Origin: These catabolic AMCs, specialized for sugar-phosphate metabolism, were acquired from deep-rooted bacteria via horizontal gene transfer (HGT).
Structure: Like bacterial microcompartments (BMCs), they have protein shells (pentamers hexamers) that enclose enzymes, but uniquely, their shells fuse with DNA-binding regions to scavenge cytosolic DNA.
Function (Bioenergetic Engine):
Colocalizing enzymes and channeling substrates within the AMC significantly boosts the flux of NADH (a key energy carrier), potentially by 100-fold, increasing cellular energy production.
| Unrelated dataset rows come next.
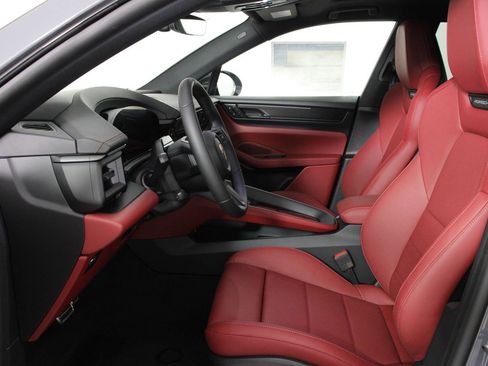 New 2026 Porsche Macan GTS Electric image 5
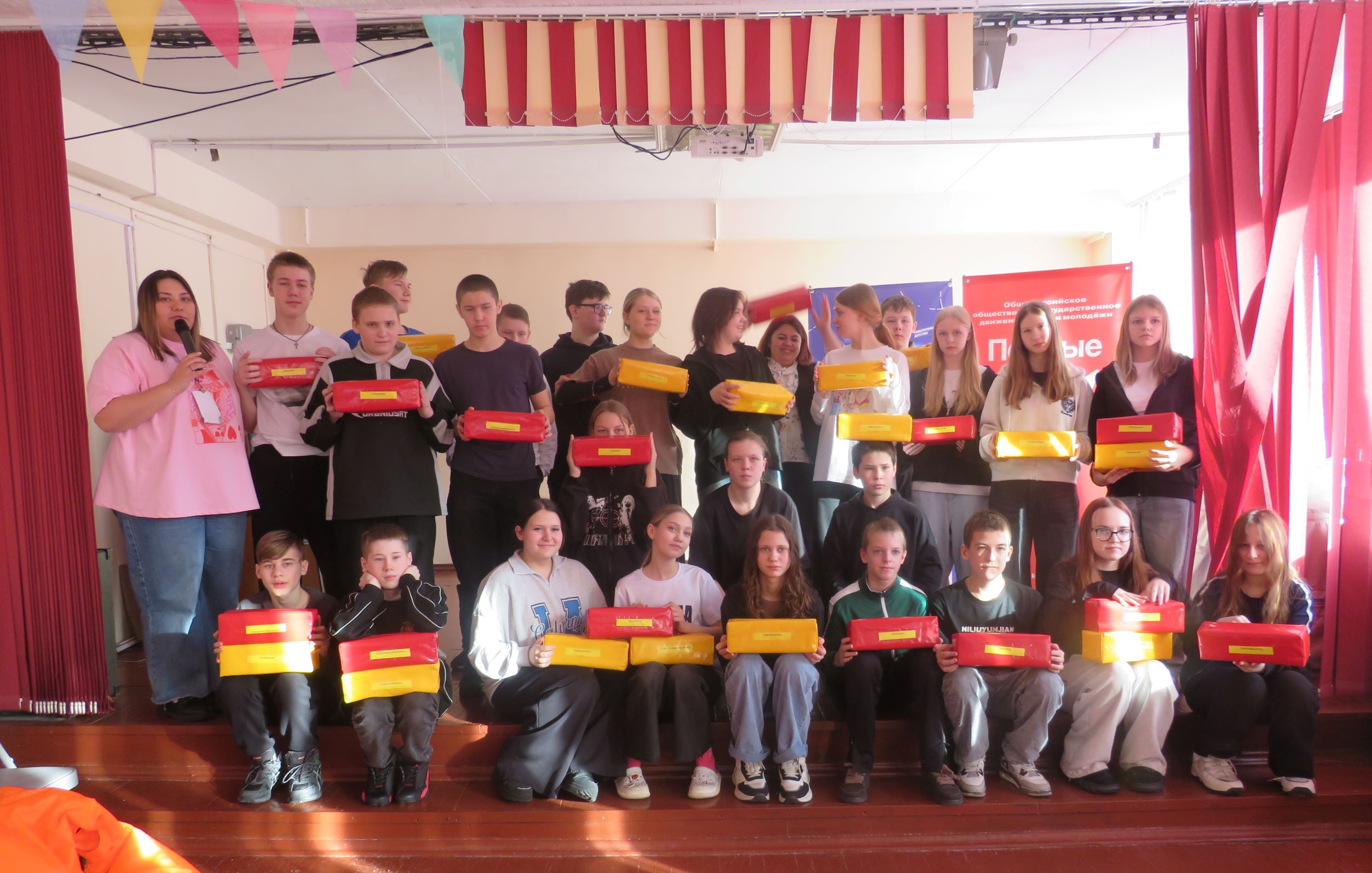 Фото - При поддержке ЕВРАЗа в Качканаре открылся «Молодежный хаб»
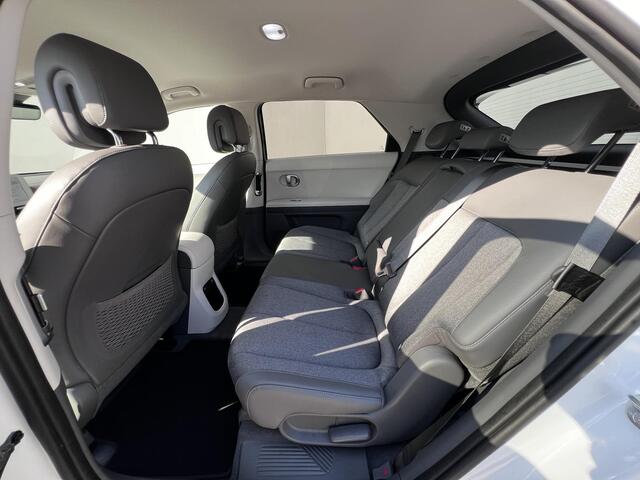 Hyundai IONIQ 5 Connect 77.4 kWh Automaat / Dealer onderhouden / Accu SoH 100% / 1.600 kg afn. trekhaak / Batterijgarantie 8 jaar / Warmtepomp / CCS snel laden / Navigatie / Apple Carplay Android / Stuur-, stoel- & achterbankverwarming / 19" LM wielen & All Season band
This increased energy and nutrient scavenging capacity could have primed the archaeal host for the massive energetic demands of eukaryogenesis.
Significance for Eukaryogenesis:
Metabolic Advantage: Provided an internal "engine" for efficient energy production and substrate utilization in the archaeal host.
Nutrient Scavenging: Enabled capture of cytosolic DNA, offering another source of nutrients.
Evolutionary Precursor: Suggests that advanced internal compartmentalization, often seen as a hallmark of eukaryotes, had roots in archaeal ancestors, potentially paving the way for the later development of complex eukaryotic organelles.